[Start of section]

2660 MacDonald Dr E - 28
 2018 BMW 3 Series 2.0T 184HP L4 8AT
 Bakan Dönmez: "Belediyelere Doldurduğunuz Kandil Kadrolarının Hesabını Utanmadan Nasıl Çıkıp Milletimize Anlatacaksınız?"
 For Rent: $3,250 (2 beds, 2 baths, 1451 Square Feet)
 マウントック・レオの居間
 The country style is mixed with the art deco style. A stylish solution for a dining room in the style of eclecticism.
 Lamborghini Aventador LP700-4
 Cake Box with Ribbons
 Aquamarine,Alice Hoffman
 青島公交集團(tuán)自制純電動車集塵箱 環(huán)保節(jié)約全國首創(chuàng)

[End of section]

> _EXERCISE INSTRUCTIONS_
Only the lines from the one holding "Lamborghini Aventador LP700-4" to the end of the entries above belong in the answer, each copied exactly.

> _RESPONSE TO THIS TASK_
 Lamborghini Aventador LP700-4
 Cake Box with Ribbons
 Aquamarine,Alice Hoffman
 青島公交集團(tuán)自制純電動車集塵箱 環(huán)保節(jié)約全國首創(chuàng)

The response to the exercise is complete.